Critique My Form

>> Monday, July 25, 2011

In my last post, I showed some photos from when I was teaching a photography workshop on a little island in WI. Well, one of my students snapped some photos of me taking a quick swim between some buoys one afternoon after class.

I didn't know anyone was taking photos, so I was just swimming "normally." I mention that because I wonder if anyone can look at my form in these photos and give me any swim pointers!

In that first photo, I feel like maybe I'm not using my full stroke - I think my hand needs to be farther back before I'm lifting it out of the water. And in the 2 photos after that, I wonder if my hand is entering the water too far out in front of me. Any thoughts on those photos above? I'm open for feedback!!
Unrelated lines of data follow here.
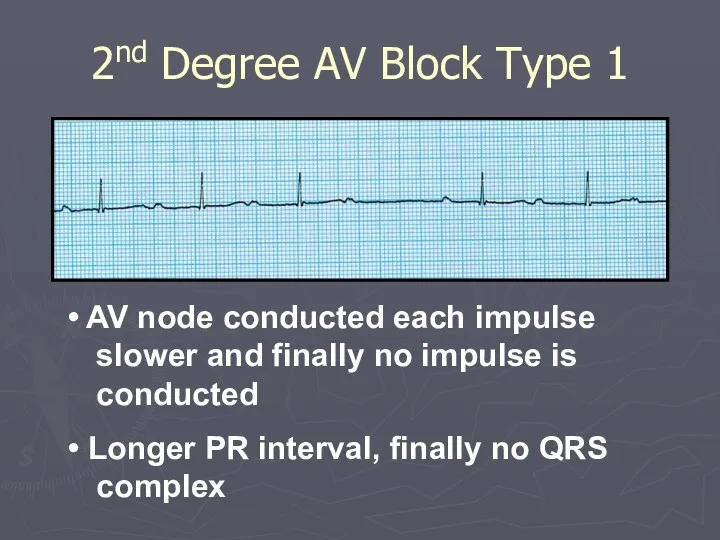 2nd Degree AV Block Type 1 AV node conducted each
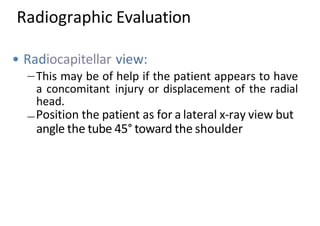 • Radiocapitellar view:
This may be of help if the patient appears to have
a concomitant injury or displacement of the radial
head.
Position the patient as for a lateral x-ray view but
angle the tube 45° toward the shoulder
Radiographic Evaluation
 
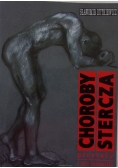 Choroby stercza prostaty i ich leczenie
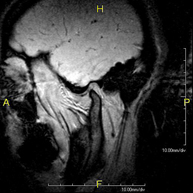 RM ATM (Articulación Temporo-Mandibular)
My student (Byron is his name) also got a funny shot of me taking a breath:

HEY! I'm actually "twisting" my mouth to find the air!! I didn't know I did that, even though Andrea was trying to get me to do that when I met with her last year. I'm glad to see I'm kinda doing it without even thinking about it! (And it leads to a goofy looking photo, so THAT'S a bonus too....) But again, I don't think I'm using my full stroke in that photo above. I need to work on having my hand exit the water down by my hip. (I think.)
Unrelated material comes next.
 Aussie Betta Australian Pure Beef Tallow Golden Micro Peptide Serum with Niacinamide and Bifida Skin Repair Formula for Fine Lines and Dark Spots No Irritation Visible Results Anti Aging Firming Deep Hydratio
And finally, Byron got a shot of me "sighting" to my next buoy:

Not bad. But I don't need to lift my head that high. (I think.)

Anyway, check out the last post for photos of my time teaching this photo class on Stouts Island. And PLEASE let me know if you notice something about my swimming and how I can improve my form! Thanks!

p.s. Have you entered my recent H2O Audio giveaway? You can enter up through Wednesday. Click here to go to the giveaway post to leave your comment!


Carla @ I Run, You Run 6:33 AM, July 25, 2011  

You totally need underwater shots for a complete critique! (But you know, you have to swim normally as if you're not being watched.)

I *think* your hand does need to leave the water further back. But what do I know? I've been swimming since I was 2, and haven't put much thought into form, much easier to do it, then to tell others how to get it done. (But I'm keeping an eye out here for people's tips as well.)

ozarktri 7:01 AM, July 25, 2011  

Looks to me like you're knifing through the water pretty well. Work on not rotating your head as much on your breath strokes, taking advantage or your twisted or cigar smoking mouth. The bottom goggle doesn't need to be out of the water. Kind of difficult to assess your stroke without video.

Jen 7:31 AM, July 25, 2011  

First, I am no expert... but I do think your stroke is entering the water too much in front of your head. Think shoulder with a part... but as your arm enters the water, you twist the body.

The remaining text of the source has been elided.